Requirement: Which lines of the records below contain the string "Photo"? Report each of them.

Provided information:
########
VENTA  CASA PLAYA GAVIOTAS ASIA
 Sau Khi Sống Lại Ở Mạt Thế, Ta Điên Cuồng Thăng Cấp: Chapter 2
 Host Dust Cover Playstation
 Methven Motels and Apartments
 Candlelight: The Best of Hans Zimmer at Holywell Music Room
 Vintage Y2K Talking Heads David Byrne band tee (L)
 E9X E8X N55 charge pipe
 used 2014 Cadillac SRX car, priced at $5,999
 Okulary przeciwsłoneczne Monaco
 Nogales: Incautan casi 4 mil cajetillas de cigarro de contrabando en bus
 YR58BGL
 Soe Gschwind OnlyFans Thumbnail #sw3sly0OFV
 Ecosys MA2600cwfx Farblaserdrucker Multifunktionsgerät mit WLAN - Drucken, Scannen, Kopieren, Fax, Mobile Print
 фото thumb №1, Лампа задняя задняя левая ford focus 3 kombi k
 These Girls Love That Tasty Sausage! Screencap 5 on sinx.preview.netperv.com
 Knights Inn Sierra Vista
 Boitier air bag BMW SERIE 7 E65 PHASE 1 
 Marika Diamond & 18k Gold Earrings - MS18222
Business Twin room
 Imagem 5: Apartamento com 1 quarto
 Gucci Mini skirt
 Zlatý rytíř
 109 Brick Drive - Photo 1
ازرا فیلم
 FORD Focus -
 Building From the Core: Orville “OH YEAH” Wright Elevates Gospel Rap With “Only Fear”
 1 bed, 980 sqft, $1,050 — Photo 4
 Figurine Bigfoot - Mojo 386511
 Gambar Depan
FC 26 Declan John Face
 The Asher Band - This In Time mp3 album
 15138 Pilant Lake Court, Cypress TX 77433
########
Completed task:
 109 Brick Drive - Photo 1
 1 bed, 980 sqft, $1,050 — Photo 4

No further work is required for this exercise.